Jangan-jangan justru inilah yang jadi tujuan strategis Kebijakan Empat Modernisasi yang diluncurkan Deng pada akhir 1970an, menciptakan prakondisi kebangkitan budaya Cina melampui sekadar pencapaian ekonomi. Harap ingat, tak ada satu kosa kata pun menyinggung ekonomi dalam Kebijakan Empat Modernisasi. Mengintegrasikan pertanian, industri, sains-teknologi dan pertahanan nasional dalam satu tarikan nafas, sejatinya merupakan Strategi Kebudayaan. Yang mana prestasi dan capaian ekonomi merupakan buah dari kreativitas dan inovasi yang notabene bersifat budaya sekaligus mencirikan peradaban bangsa yang sehat dan penuh vitalitas.

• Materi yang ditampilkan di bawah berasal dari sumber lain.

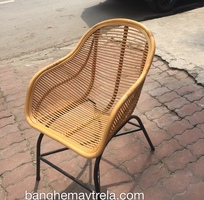 4 Ghế mây chân sắt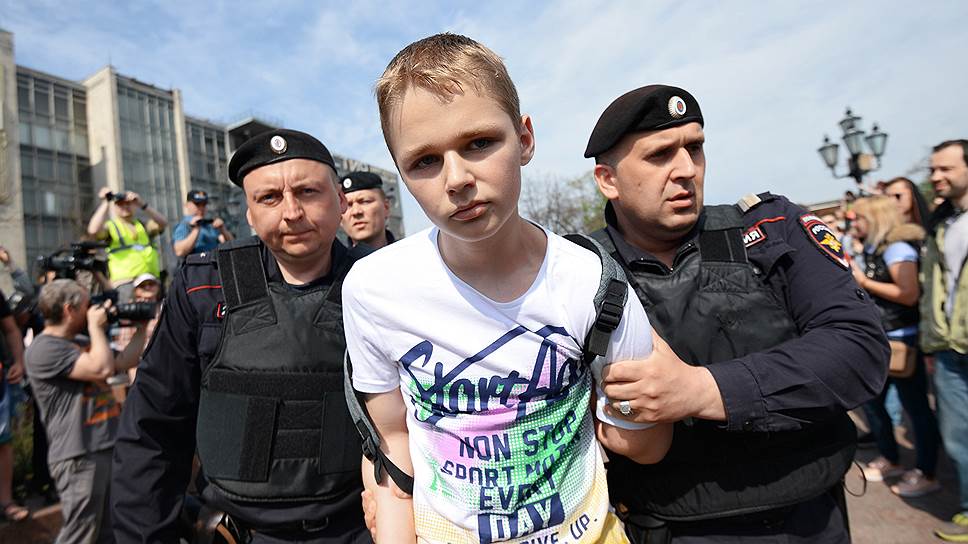 Госдума приняла закон о наказании за вовлечение детей в несогласованные акции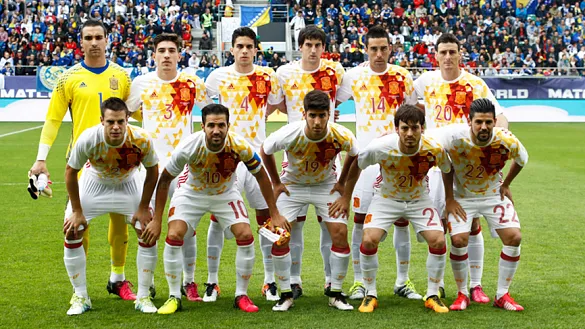 La Selección Española forma antes de su encuentro frente a Bosnia en St. Gallen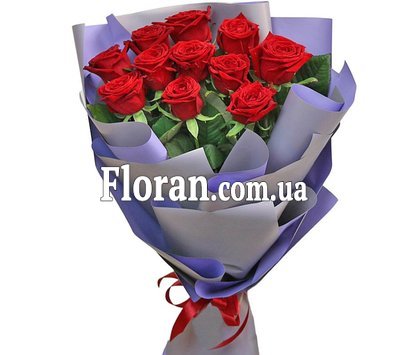 Beautiful bouquet of red roses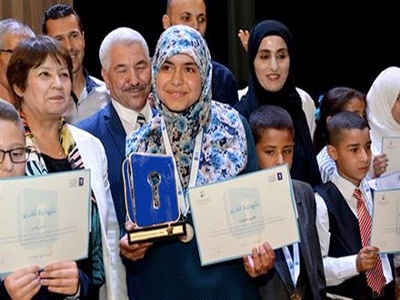 التلميذة بشرى ميسوم ممثلة الجزائر في مسابقة «تحدي القراءة العربي»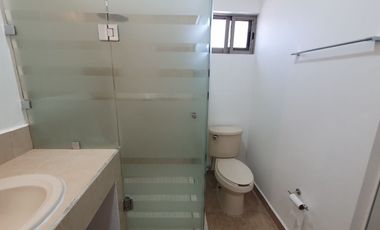 Casa en renta en Villa California, ubicada en esquina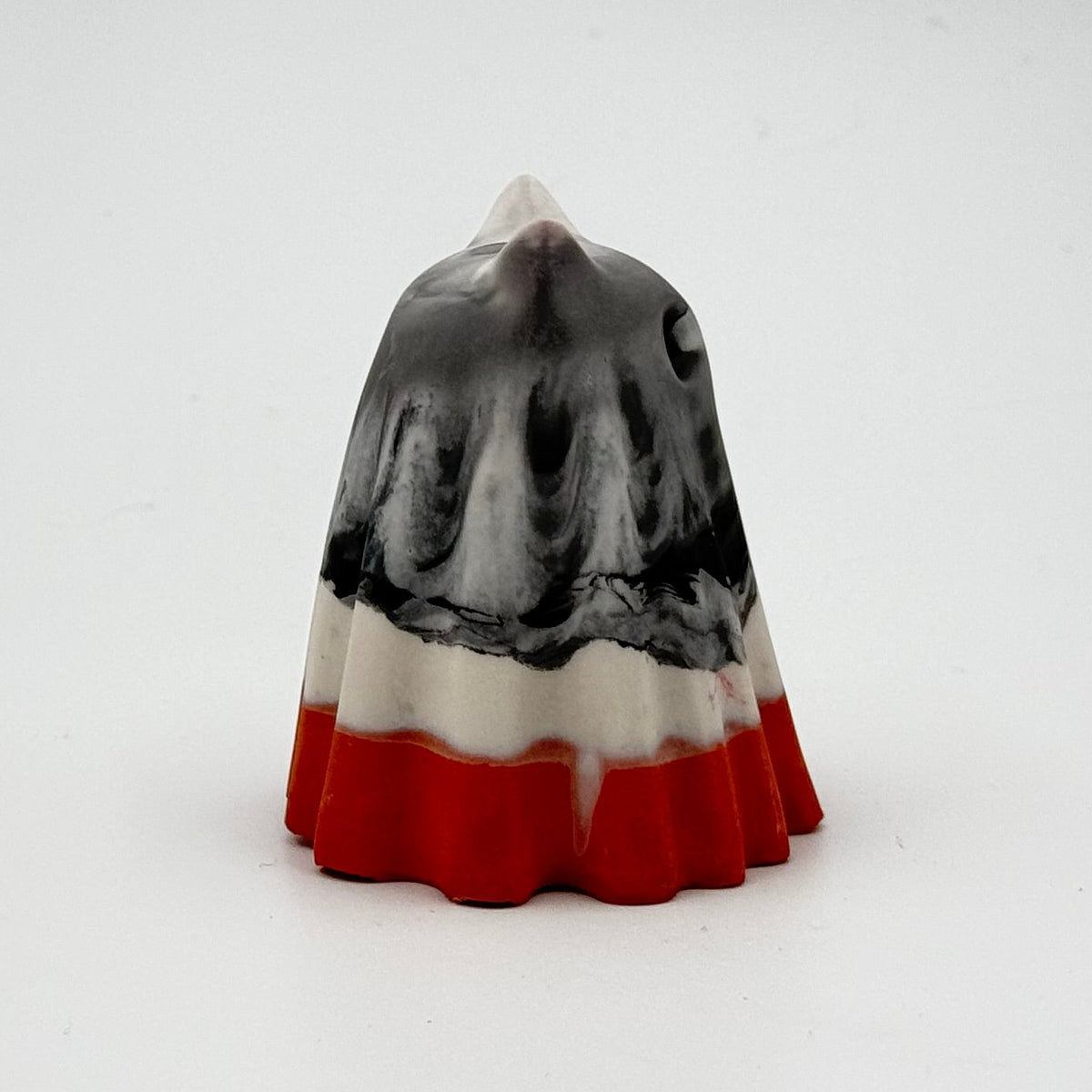 The Samhain Harbinger Familiar Ghost Figurine - Porridge
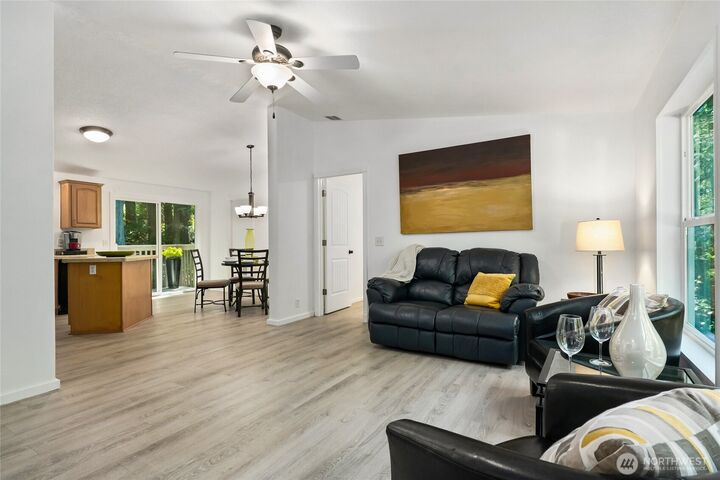 Property Photo: 1124 E Sunset Hill Road WA 98584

Ya benar, vitalitas peradaban Cina itulah kata kunci yang paling tepat. Maka itu penting di sini mengutip pandangan Wu Zengding sebagaimana dirujuk oleh Kishore Mahbubani untuk sebagai penutup paparan singkat saya ihwal kebangkitan kembali peradaban Cina. Wu Zengding menulis:

 

“Konstruksi Cina yang baru, prestasi-prestasi terbesar dalam reformasi dan tindakan membuka diri selama lebih dari 20 tahun terakhir adalah suatu perwujudan lebih lanjut vitalitas peradaban Cina. Inilah sukses setelah 20 tahun reformasi dan keterbukaan, pertama-tama mengonfirmasi sebuah revolusi besar dan konstruksi Cina. Tetapi yang paling penting dari semua itu mengafirmasi otentisitas peradaban dan tradisi rakyat Cina. Kekuatan ini, yang bukan sekadar lagu dan tarian dalam menyambut globalisasi dan praktik-praktik internasional yang telah membawa Cina memasukinya. Ini bukan bentuk Xenophobia sempit(anti asing yang berlebihan), tetapi inilah kepercayaan dan harapan besa yang diletakkan pada peradaban Cina kuno.”